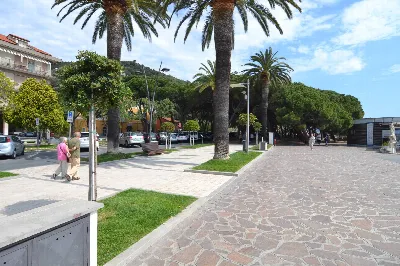 Rustico/Casale in vendita a Ceriale - foto 3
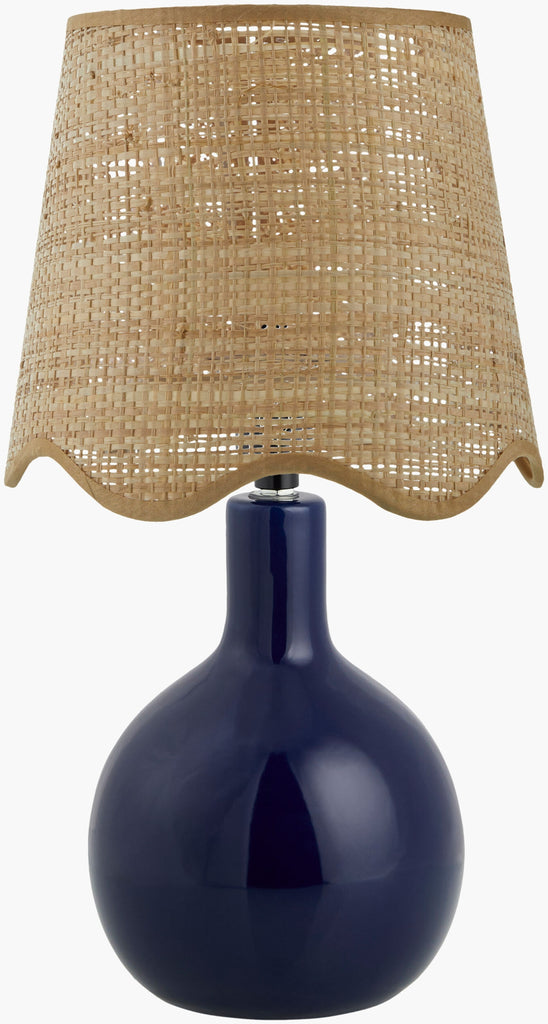 Livabliss Balbao BLA-016 Lamp main image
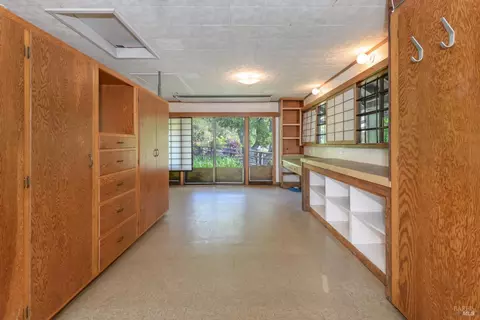 Other - 75 Lee St, Mill Valley, CA 94941 photo 19 of 34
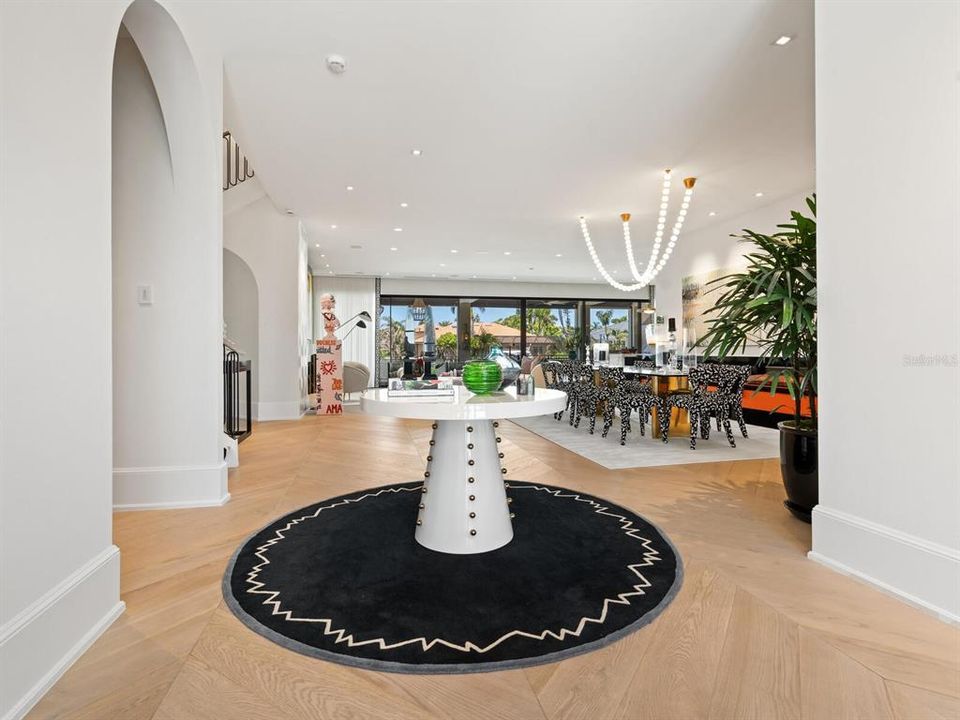 For Sale: $13,700,000 (4 beds, 5 baths, 6880 Square Feet)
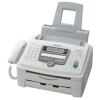 Laser Fax Machine wholesale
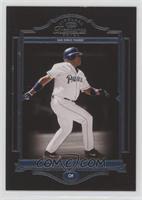 Tony Gwynn #/999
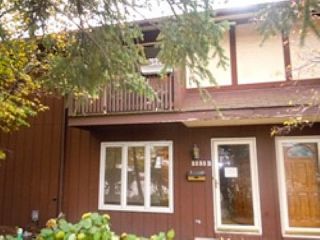 Foreclosed Home - 3233 W LAKE AVE APT B, 60026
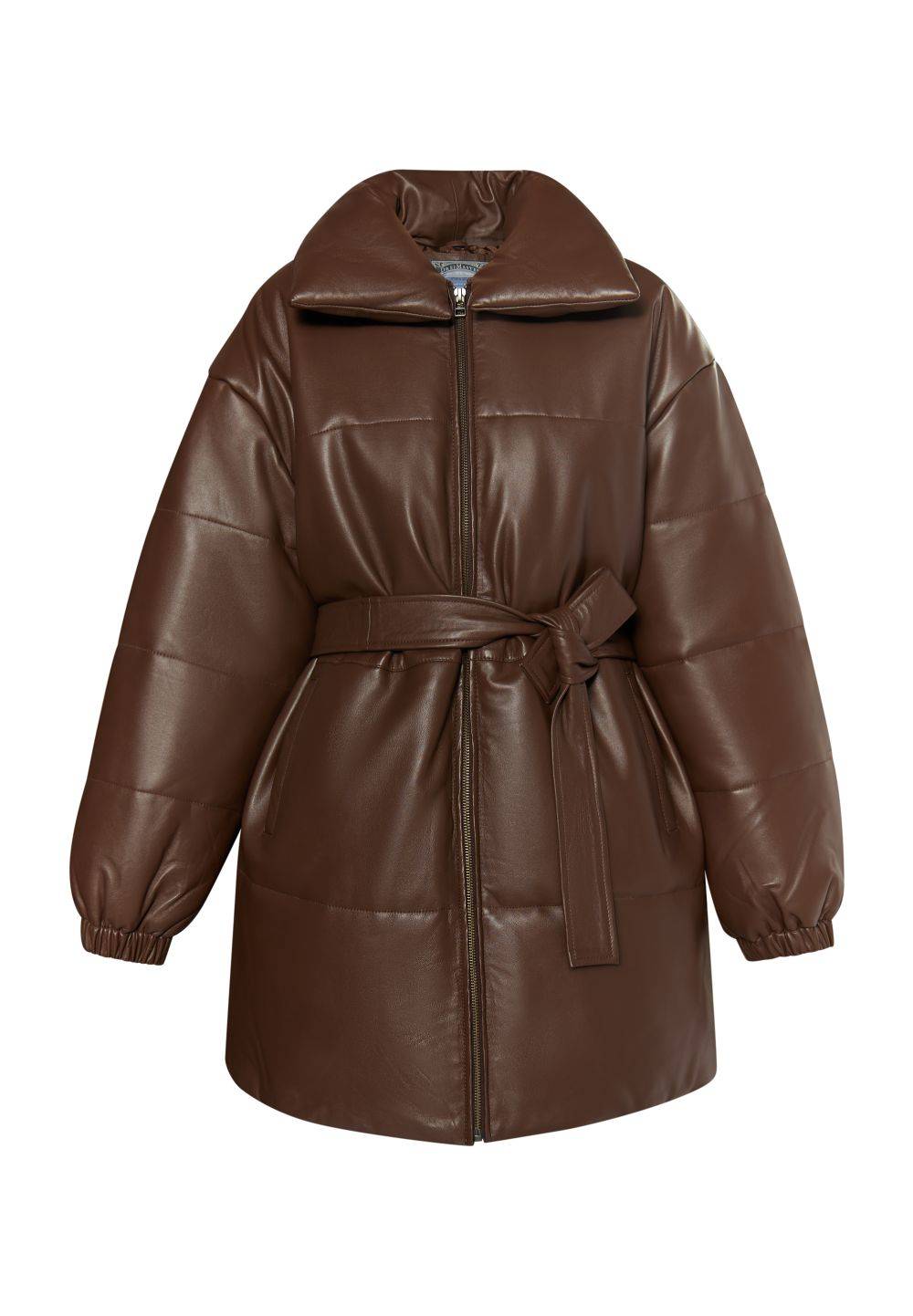 Schmuddelwedda DreiMaster Vintage Lederjacke Muttertagsangebot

------

* INSTRUCTIONS TO FOLLOW *
Could the data above be returned in full, exactly, with every image left out?

* SOLUTION FOR THIS PROBLEM *
 Rustico/Casale in vendita a Ceriale - foto 3
 Livabliss Balbao BLA-016 Lamp main image
 Other - 75 Lee St, Mill Valley, CA 94941 photo 19 of 34
 For Sale: $13,700,000 (4 beds, 5 baths, 6880 Square Feet)
 Laser Fax Machine wholesale
 Tony Gwynn #/999
 Foreclosed Home - 3233 W LAKE AVE APT B, 60026
 Schmuddelwedda DreiMaster Vintage Lederjacke Muttertagsangebot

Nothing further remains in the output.